▶ [How to complete this task] Print every entry, word for word, and skip the images.

▶ [Recorded information]
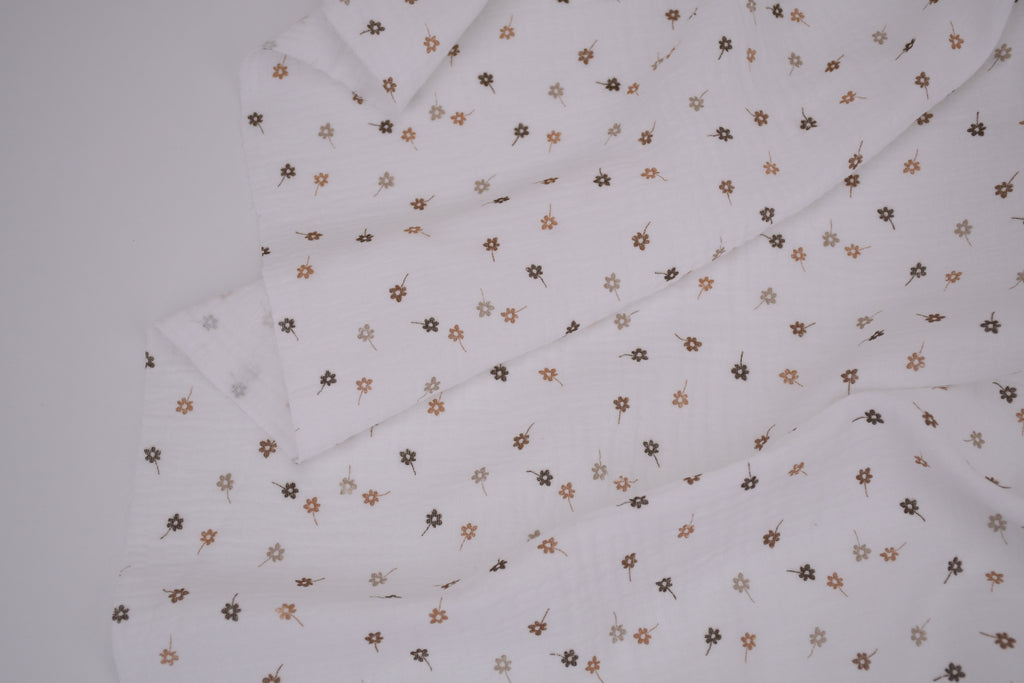 100% Cotton Muslin Double Gauze Print - Toasted Poppies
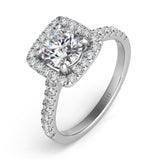 White Gold Halo Engagement Ring
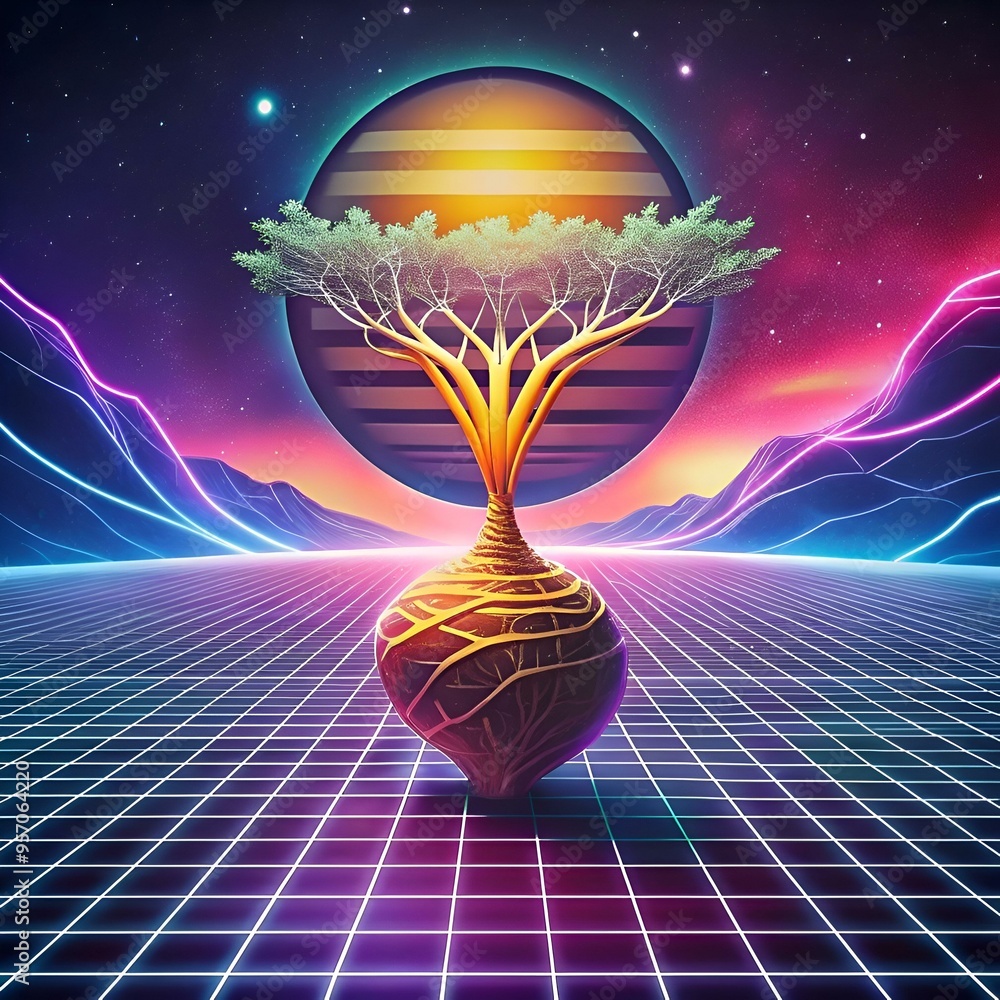 Poster a vibrant 3d illustration of a futuristic tree in a retro 80s landscape. perfect for adding a touch 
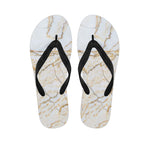 White Brown Grunge Marble Print Flip Flops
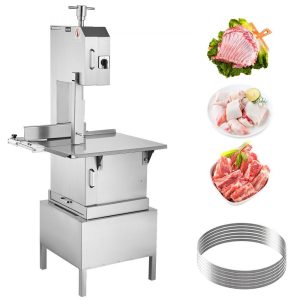 Food Preparation Equipment | Commercial Electric Meat Bandsaw, 2200W Stainless Steel Vertical Bone Sawing Machine, Workbeach 24.4″ x 20.5″, 0.16-8.7 Inch Cutting Thickness, Frozen Meat Cutter with 6 Blades for Rib Pork Beef Food Preparation Equipment Food Preparation Equipment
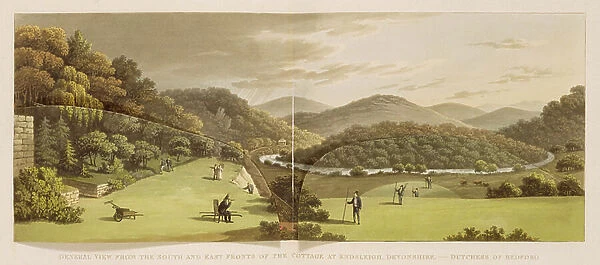 General View from the South and East Fronts of the Cottage at Endsleigh, Devon (Before) from Fragments on the Theory and Practice of Landscape Gardening, pub. 1816 (colour litho) (see also 103914)
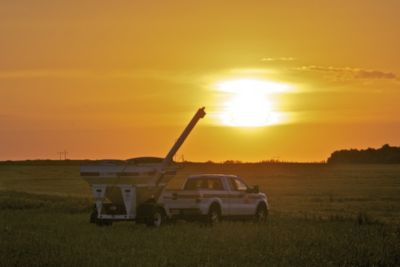 pickup truck in field at sunset with orange sky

▶ [Solution to this problem]
 100% Cotton Muslin Double Gauze Print - Toasted Poppies
 White Gold Halo Engagement Ring
 Poster a vibrant 3d illustration of a futuristic tree in a retro 80s landscape. perfect for adding a touch 
 White Brown Grunge Marble Print Flip Flops
 Food Preparation Equipment | Commercial Electric Meat Bandsaw, 2200W Stainless Steel Vertical Bone Sawing Machine, Workbeach 24.4″ x 20.5″, 0.16-8.7 Inch Cutting Thickness, Frozen Meat Cutter with 6 Blades for Rib Pork Beef Food Preparation Equipment Food Preparation Equipment
 General View from the South and East Fronts of the Cottage at Endsleigh, Devon (Before) from Fragments on the Theory and Practice of Landscape Gardening, pub. 1816 (colour litho) (see also 103914)
 pickup truck in field at sunset with orange sky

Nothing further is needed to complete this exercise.